4D、5Dによるコスト、工期の計画
IAI日本が主催する仮想BIMコンペ「Build Live」では、2011年の大会では既にBIMモデルを使った意匠、構造、設備の干渉チェックによる施工性向上や、施工シミュレーションによる施工手順の検討などは当たり前になった感がある。
実際の工事でも、竹中工務店やNTTファシリティーズ、日本アイ・ビー・エムが「バーチャル竣工」という取り組みを行っている。BIMモデル上で細かい部材を含めた施工手順を徹底追求し、手戻り作業をなくすと同時に、維持管理コストを約2割削減するというものだ。
またUNIGENの岐阜工場の建設では、工場の建物の施工を担当した千代田テクノエースが、新菱冷熱工業に施工段階でのBIMによる設計調整業務を発注し、約20社のサブコンで設計の干渉問題を徹底的に解決してから施工したことで、数億円とみられた手戻りがほとんどなく、予定通りの工期で完成したという実例もある。
昨年あたりから、日本でもBIMによる設計とコスト計算を連動させて、設計内容に応じてかなり正確な見積額が自動算出できるようになりつつある。
新国立競技場は東京オリンピックでは「日本の顔」にもなる場所だ。

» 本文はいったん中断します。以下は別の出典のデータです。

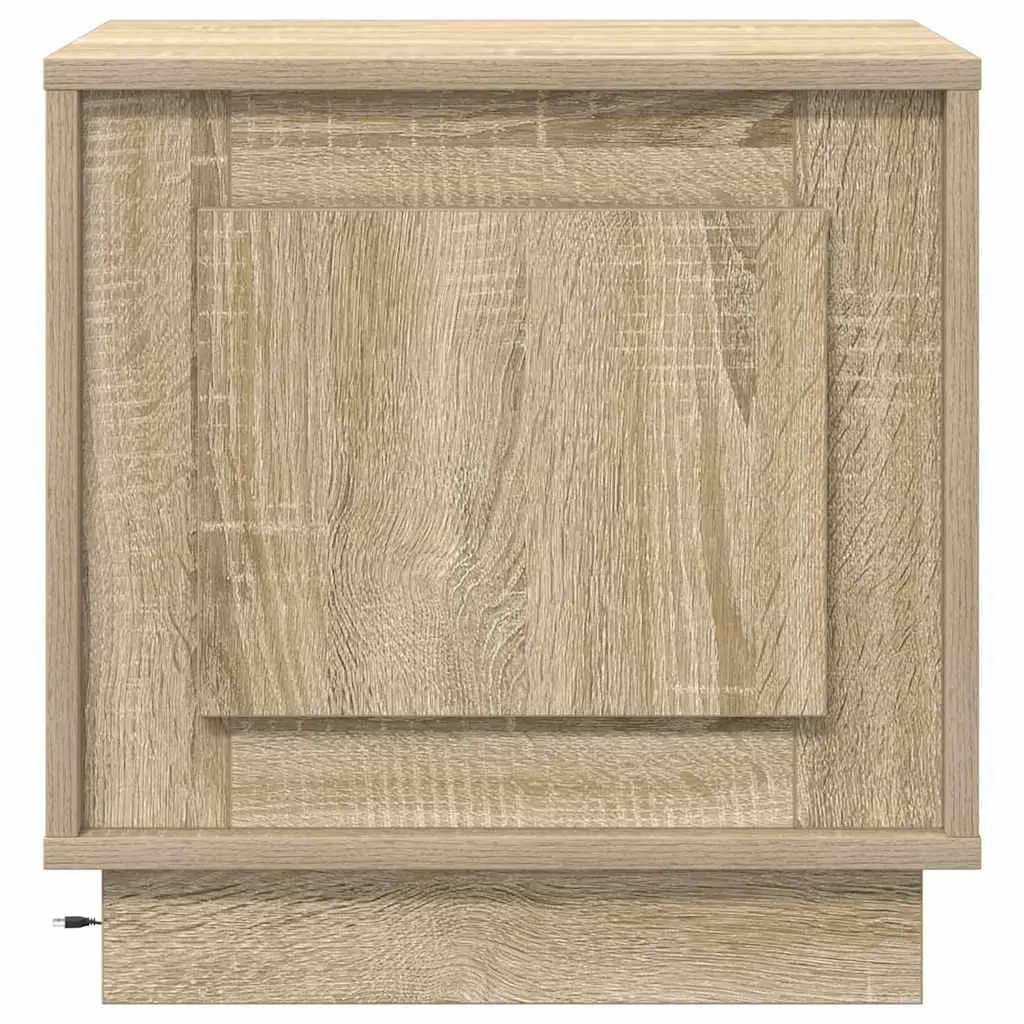 Bedside Cabinet Set with LED Lights and USB Port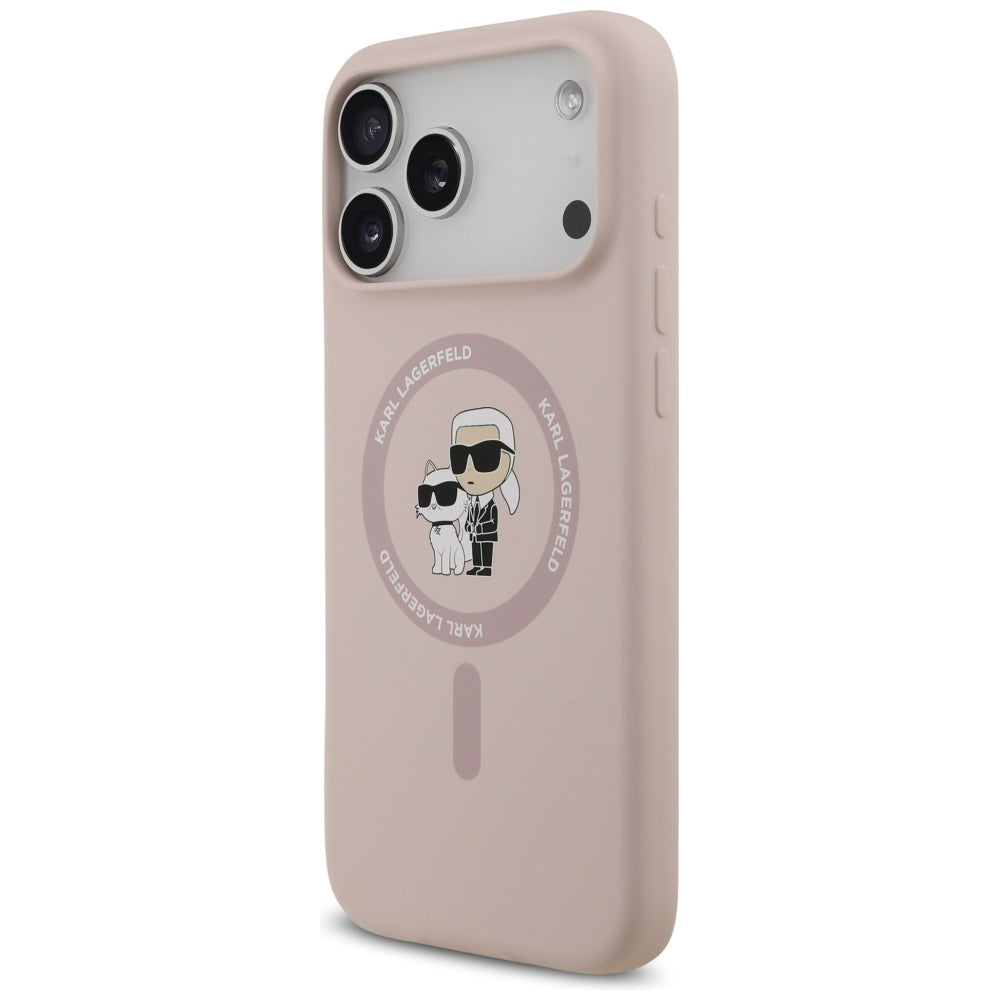 Futrola MagSafe za Apple iPhone 17 Pro Max, Karl Lagerfeld, Ring Karl & Choupette, Roze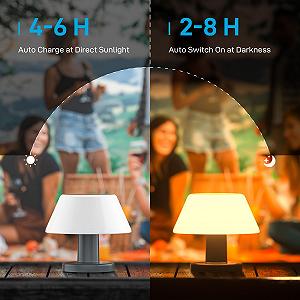 Настільна лампа LED Solar Table Lamp вулична з регулюванням яскравості на сонячній енергії та USB 2 в 1 Теплий білий 2 шт. synthetic.ua - Фото 1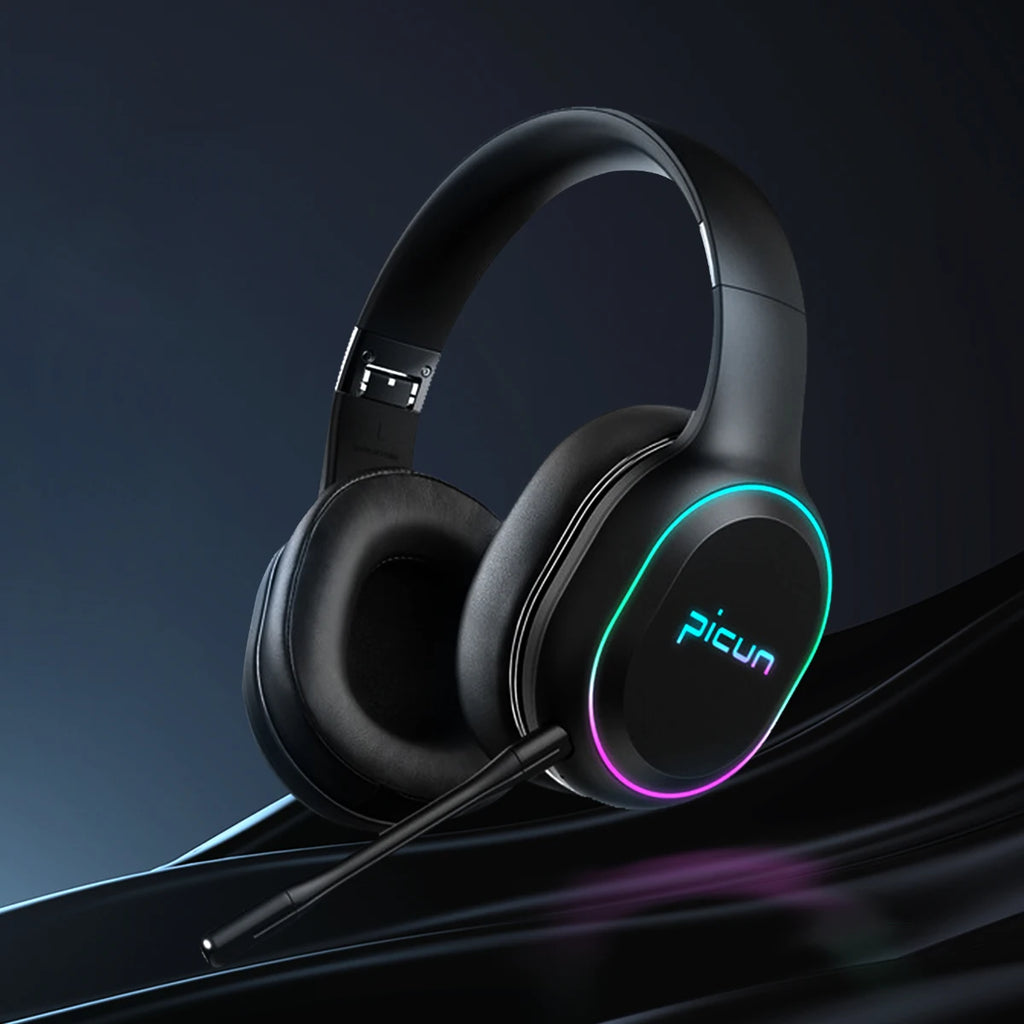 Picun P80X Gaming Headphones Wireless Headset With Mic RBG Light Vibration Bluetooth Hi-Fi Earphone For PS4 PS5 PC Switch 30H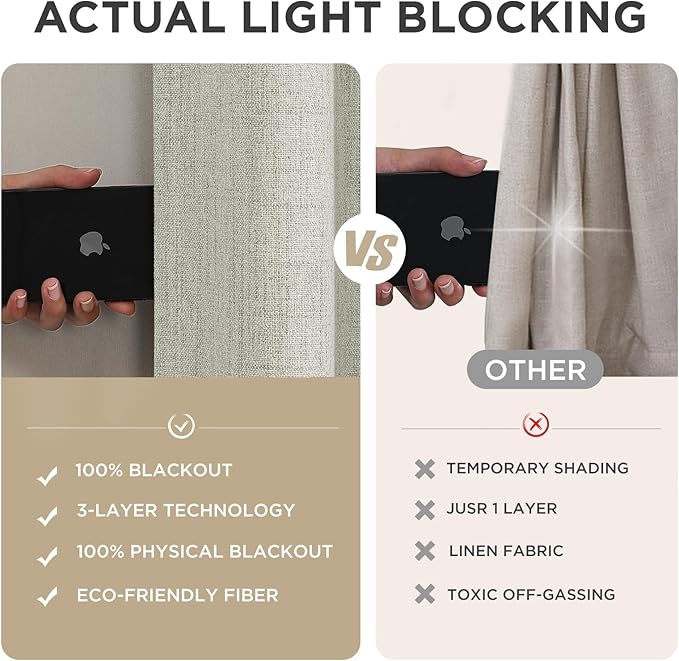Joydeco Blackout Curtains for Bedroom - 100% Light Blocking 2 Panels Light Beige Drapes 42"W x 108"L, Thermal Insulated Room Darkening Curtains, Linen Textured for Living Room, Rod Pocket & Back Tabs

それにふさわしい品質とコストのトレードオフも、合意形成の要になる。もちろん、2019年のラグビーワールドカップに間に合うように工期も計画しなければならない。
こうした議論には、3DのBIMモデルに時間軸を加えた「4D」と、さらにコスト軸を加えた「5D」によって、品質とコスト、工期を分かりやすく説明することで、納得いく説明ができるのではないだろうか。